The Spread of Voice Recognition Technology: Voice-print technology works by
dissecting physical features
that distinguish individuals’ voices, such as their pitch. With this
data, the program’s algorithm generates a computer model of their vocal
signatures, known as “voice prints,” which can be stored in a database
for comparisons with utterances recorded in the future. In recent years, voice recognition technology has come to be associated with consumer offerings, like Amazon’s
Alexa and Apple’s
Siri, but the technology was
originally developed for military and intelligence applications. Over a decade ago, as The Intercept
reported,
U.S. intelligence agencies were using voice recognition programs to
identify the voices of top Al Qaeda officials in their online audio
postings. Similarly, the algorithms and structure behind the prison
telecommunications firm Securus Technologies’ particular voice software,
known as Investigator Pro, were developed in part through a $50 million
grant from the Department of Defense. The software was licensed to JLG
Technologies, a company that Securus acquired
in 2014.
According to Securus’s 2017 proposal for New York, the technology was
developed because “DOD needed to identify terrorist calls out of the
millions of calls made to and from the United States every day.” But it wasn’t long before major prison technology firms, such as Securus and
Global Tel Link,
began marketing the technology to U.S. jurisdictions that were seeking
to extract and store voice prints associated with incarcerated people in
their systems. “IPRO [Investigator Pro] has a 10-year track record of
providing pinpoint voice accuracy capability country-wide in 243 states,
county, and local correctional agencies,” notes Securus in the Pinal
County contract.
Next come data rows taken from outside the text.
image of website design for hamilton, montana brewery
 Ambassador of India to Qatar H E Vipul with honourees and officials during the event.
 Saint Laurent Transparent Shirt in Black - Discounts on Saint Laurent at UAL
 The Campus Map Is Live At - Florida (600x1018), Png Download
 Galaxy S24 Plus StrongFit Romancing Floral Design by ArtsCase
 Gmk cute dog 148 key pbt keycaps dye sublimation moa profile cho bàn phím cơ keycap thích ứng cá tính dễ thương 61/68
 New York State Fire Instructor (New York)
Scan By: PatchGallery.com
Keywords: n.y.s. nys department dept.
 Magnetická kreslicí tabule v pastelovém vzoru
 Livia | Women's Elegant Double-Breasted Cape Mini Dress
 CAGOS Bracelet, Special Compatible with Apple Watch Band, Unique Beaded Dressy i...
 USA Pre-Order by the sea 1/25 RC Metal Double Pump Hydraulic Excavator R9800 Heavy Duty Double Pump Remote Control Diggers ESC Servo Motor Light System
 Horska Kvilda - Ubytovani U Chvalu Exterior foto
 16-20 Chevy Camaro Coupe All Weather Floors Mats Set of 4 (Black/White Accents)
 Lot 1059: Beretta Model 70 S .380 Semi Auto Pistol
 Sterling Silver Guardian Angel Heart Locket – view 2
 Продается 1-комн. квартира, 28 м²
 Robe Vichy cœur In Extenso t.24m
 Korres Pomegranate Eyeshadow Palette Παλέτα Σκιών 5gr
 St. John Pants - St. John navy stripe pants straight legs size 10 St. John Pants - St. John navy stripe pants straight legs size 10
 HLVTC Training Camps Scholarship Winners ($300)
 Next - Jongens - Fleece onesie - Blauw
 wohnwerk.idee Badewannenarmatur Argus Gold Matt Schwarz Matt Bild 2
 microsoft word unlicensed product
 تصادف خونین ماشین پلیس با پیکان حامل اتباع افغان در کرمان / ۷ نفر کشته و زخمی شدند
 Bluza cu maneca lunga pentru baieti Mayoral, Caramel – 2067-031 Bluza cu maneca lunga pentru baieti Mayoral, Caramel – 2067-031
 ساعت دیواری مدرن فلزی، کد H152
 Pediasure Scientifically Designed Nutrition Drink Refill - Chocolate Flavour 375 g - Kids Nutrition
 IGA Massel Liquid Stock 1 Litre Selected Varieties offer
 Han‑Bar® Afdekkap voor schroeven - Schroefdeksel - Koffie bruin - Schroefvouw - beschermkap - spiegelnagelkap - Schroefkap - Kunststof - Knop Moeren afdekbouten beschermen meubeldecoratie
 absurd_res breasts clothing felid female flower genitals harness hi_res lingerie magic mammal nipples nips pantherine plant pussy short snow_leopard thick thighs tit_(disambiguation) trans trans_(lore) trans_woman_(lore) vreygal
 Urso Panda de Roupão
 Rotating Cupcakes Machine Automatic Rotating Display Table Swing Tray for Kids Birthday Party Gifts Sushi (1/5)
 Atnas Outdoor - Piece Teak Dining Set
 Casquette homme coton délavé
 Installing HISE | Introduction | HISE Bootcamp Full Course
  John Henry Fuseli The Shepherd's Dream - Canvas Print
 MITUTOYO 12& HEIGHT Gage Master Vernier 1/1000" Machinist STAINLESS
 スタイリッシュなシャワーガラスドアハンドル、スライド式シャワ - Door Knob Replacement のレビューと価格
The enrollment of incarcerated people’s voice prints allows
corrections authorities to biometrically identify all prisoners’ voices
on prison calls, and find past prison calls in which the same voice
prints are detected. Such systems can also automatically flag
“suspicious” calls, enabling investigators to review
discrepancies
between the incarcerated person’s ID for the call and the voice print
detected. Securus did not respond to a request for comment on how it
defined “suspicious.” The company’s Investigator Pro also provides a
voice probability score, rating
the likelihood that an incarcerated person’s voice was heard on a call. Michael Lynch, an intelligence coordinator for the Alachua County
Jail in northern Florida, confirmed that his county recently agreed to
purchase Securus’s voice recognition program. Lynch said that the voice
prints produced by the program will be permanently archived at Securus’s
facility in Texas. He said the jail hopes the technology will address
the problem of incarcerated people using each others’ personal
identification numbers, or PINs. “The problem is inmates that are
committing other criminal acts or contacting victims or witnesses and
using other inmates’ PIN to do that,” he said in a phone call. “Voice
[biometrics] will tell us who’s making the calls.” Securus’s voice recognition program can also identify the voices of
people outside prisons, both former prisoners and those who have never
been incarcerated but communicate with people inside. New York and Texas state corrections officials confirmed that their
agencies retain the voice prints of formerly incarcerated people, like
Dukes, allowing them to identify them by name if currently incarcerated
people call them in the future. And New York and Pinal County, Arizona, confirmed that their voice
recognition programs can identify the voices of outside callers. New York’s contract proposal with Securus states that outsiders’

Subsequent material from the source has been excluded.